03. Chaining & Open Addressing

When multiple keys map to the same bucket index, a collision occurs. This chapter explores how hash tables resolve this core issue using two fundamentally different memory paradigms.

1. The Collision Reality

There are two main strategies: Separate Chaining (used by Java HashMap) and Open Addressing (used by Python Dictionary and C++ unordered<sub>map</sub>).

Interactive Comparison

Watch how each strategy handles collisions differently when you add multiple keys that map to the same index.

Chaining vs. Linear Probing

Separate Chaining

Linear Probing

Strategy 1: Separate Chaining

Each bucket in the array holds a Linked List (or a dynamic array). When a collision occurs, simply append the new key to the list at that index.

  • Pros:
  • Simple to implement.
  • Gracefully handles high load factors (performance degrades gradually).
  • Deletion is easy (just remove from linked list).
  • Cons:
  • Requires extra memory for pointers.
  • Poor cache locality (linked list nodes are scattered in memory).

Strategy 2: Open Addressing (Linear Probing)

All elements are stored directly in the array. If the target bucket is full, we search for the next empty slot using a Probing Sequence.

  • Linear Probing: Check index, then index+1, then index+2
  • Pros:
  • Better memory usage (no pointers).
  • Excellent cache locality (sequential access).
  • Cons:
  • Clustering: Groups of occupied slots tend to merge, creating long “runs” that slow down insertions.
  • Performance degrades sharply as load factor approaches 1.
  • Deletion is tricky (requires “tombstones” or re-inserting elements).

Hardware Truth: CPU Cache vs. Pointers

Modern software is bottlenecked by memory latency, not CPU cycles.

The Chaining Latency

In Separate Chaining, the table contains a pointer to a Node object.

  1. CPU reads bucket → Pointer address.
  2. CPU must fetch that address (Pointer Chase).
  3. Cache Miss Probability: High. Each jump in the linked list likely hits a different “cache line,” forcing a slow trip to main RAM.

The Open Addressing Advantage

In Linear Probing, the data is inline.

  1. CPU reads bucket i.
  2. CPU pre-fetches the next 64 bytes (the “Cache Line”) automatically.
  3. If a collision exists at i+1, the data is already in the L1/L2 Cache.

[!IMPORTANT] Because of this, Linear Probing is often 3x-10x faster than Chaining for small-to-medium datasets, even if it performs more comparisons.
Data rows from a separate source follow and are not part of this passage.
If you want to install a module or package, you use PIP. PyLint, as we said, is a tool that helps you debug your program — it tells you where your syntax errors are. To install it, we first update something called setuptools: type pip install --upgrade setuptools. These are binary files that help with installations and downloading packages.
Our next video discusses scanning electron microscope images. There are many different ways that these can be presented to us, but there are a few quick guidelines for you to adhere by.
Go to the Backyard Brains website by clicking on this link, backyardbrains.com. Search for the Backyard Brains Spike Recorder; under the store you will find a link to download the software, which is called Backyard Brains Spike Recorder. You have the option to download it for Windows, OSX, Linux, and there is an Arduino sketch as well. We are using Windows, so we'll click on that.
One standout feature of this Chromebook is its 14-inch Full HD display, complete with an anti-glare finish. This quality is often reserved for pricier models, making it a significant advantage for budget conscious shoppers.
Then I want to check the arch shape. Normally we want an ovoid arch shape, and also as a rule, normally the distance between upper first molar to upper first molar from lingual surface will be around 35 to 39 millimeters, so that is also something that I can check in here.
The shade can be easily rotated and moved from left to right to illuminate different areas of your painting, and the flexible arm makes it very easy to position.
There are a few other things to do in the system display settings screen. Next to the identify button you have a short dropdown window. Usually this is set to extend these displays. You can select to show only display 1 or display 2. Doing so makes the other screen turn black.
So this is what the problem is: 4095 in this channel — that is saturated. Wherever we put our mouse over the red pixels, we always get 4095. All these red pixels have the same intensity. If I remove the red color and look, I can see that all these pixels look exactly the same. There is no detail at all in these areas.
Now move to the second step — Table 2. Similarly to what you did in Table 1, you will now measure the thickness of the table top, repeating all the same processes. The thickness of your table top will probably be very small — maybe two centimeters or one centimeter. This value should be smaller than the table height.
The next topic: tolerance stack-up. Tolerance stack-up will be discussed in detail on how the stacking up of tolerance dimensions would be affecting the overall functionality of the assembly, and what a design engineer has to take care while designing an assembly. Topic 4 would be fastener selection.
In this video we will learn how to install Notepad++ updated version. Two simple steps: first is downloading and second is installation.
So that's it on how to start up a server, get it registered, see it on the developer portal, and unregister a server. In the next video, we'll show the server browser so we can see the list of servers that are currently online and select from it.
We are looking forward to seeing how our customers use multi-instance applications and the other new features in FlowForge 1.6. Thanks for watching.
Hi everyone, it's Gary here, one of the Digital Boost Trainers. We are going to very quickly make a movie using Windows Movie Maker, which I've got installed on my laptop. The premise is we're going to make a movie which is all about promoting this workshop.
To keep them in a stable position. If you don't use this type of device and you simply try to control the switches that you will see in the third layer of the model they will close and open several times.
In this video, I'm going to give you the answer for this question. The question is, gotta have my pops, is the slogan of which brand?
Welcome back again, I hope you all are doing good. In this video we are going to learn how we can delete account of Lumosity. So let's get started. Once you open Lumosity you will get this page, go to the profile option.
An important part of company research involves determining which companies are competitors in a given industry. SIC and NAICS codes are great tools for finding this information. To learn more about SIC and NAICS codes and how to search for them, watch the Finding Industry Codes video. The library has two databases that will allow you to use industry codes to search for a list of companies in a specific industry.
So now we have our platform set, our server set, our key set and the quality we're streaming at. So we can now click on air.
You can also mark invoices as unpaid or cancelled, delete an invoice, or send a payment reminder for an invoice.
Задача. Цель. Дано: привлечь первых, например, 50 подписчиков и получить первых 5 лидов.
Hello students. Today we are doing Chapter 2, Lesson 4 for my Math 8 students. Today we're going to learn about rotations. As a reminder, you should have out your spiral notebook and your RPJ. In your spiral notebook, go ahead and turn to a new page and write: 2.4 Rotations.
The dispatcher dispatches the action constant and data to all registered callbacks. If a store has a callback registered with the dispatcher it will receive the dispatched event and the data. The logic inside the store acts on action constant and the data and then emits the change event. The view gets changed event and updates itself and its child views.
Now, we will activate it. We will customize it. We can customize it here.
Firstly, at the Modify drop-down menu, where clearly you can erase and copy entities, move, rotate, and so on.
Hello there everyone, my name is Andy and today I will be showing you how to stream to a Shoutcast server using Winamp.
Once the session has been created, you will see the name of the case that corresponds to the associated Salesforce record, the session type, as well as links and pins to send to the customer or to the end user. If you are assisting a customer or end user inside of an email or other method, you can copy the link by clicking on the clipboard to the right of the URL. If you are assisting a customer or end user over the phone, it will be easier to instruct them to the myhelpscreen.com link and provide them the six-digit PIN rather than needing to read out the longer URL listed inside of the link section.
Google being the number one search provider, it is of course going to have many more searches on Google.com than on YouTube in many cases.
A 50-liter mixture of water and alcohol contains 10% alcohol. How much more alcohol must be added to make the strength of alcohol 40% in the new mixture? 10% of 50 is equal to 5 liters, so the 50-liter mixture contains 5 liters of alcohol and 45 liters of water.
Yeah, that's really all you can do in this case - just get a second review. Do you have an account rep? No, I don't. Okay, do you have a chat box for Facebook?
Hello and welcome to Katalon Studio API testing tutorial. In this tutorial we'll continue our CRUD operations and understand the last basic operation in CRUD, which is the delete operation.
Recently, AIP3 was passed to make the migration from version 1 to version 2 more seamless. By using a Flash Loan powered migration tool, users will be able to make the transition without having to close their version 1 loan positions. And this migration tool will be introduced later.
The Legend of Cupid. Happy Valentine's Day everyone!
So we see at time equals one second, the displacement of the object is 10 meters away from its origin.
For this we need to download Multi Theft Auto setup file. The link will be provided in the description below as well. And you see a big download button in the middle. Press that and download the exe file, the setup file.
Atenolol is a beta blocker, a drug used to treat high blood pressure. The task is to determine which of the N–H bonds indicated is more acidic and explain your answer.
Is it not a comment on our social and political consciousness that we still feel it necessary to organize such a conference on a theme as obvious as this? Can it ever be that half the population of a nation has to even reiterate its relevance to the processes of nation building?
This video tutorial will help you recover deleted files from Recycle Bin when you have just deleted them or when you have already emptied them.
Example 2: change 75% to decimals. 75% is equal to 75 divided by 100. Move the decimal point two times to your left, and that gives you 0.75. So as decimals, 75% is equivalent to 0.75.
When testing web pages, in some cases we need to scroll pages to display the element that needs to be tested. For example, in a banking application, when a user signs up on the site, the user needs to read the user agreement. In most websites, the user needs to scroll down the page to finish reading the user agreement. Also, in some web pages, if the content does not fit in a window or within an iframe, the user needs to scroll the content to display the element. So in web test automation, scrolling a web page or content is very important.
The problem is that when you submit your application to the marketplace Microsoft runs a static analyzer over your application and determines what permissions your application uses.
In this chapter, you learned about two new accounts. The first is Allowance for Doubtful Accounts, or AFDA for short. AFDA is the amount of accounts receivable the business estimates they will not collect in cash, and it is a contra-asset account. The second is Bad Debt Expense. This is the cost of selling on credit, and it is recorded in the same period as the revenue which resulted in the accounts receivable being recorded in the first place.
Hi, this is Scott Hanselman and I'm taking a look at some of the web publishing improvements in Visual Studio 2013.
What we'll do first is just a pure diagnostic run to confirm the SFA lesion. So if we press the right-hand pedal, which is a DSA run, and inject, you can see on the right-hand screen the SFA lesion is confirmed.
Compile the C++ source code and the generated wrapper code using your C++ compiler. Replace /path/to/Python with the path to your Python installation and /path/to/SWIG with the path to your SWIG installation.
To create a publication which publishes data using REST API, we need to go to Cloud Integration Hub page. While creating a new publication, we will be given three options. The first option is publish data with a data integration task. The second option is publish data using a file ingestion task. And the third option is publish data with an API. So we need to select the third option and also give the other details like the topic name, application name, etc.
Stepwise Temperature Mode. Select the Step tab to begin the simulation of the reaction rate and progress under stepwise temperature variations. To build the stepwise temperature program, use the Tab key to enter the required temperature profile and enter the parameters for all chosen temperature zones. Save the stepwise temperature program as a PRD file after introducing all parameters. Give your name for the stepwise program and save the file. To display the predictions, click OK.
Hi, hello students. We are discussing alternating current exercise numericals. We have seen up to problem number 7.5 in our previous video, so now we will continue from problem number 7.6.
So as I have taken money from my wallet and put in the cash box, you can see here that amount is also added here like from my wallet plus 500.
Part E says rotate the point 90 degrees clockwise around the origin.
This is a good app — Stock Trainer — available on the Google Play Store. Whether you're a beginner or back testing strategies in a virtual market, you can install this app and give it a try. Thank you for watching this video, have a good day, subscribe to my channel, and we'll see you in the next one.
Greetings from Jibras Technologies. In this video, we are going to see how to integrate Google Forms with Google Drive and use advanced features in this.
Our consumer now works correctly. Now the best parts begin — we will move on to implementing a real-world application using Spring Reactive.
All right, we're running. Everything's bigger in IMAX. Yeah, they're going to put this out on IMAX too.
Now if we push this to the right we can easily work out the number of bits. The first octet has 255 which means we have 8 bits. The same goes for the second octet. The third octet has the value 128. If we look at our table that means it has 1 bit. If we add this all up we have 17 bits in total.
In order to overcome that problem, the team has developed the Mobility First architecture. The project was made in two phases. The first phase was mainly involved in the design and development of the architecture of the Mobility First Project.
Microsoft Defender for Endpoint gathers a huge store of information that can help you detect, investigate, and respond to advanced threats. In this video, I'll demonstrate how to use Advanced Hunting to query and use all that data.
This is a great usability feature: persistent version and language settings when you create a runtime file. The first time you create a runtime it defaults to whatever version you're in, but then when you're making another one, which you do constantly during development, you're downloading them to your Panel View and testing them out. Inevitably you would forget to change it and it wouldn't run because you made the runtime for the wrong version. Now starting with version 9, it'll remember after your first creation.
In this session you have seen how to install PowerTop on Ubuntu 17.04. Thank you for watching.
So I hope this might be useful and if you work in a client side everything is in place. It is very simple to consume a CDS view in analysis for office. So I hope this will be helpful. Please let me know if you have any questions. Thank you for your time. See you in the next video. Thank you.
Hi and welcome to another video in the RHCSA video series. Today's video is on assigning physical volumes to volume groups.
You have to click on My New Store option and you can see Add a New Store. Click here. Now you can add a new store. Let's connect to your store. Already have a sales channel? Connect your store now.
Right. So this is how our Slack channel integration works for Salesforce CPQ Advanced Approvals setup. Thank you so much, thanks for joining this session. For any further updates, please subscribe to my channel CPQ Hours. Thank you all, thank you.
In modern systems, a comparison is nearly free; a memory fetch is expensive.


2. Load Factor & Rehashing

The Load Factor (α) is defined as: &alpha; = (Number of Elements) / (Table Size)

  • For Chaining, α can be > 1.
  • For Open Addressing, α must be ≤ 1.

When α exceeds a threshold (e.g., 0.75), the hash table must Rehash:

  1. Create a new array double the size.
  2. Iterate through all old elements.
  3. Re-insert them into the new array (their new index will be different!).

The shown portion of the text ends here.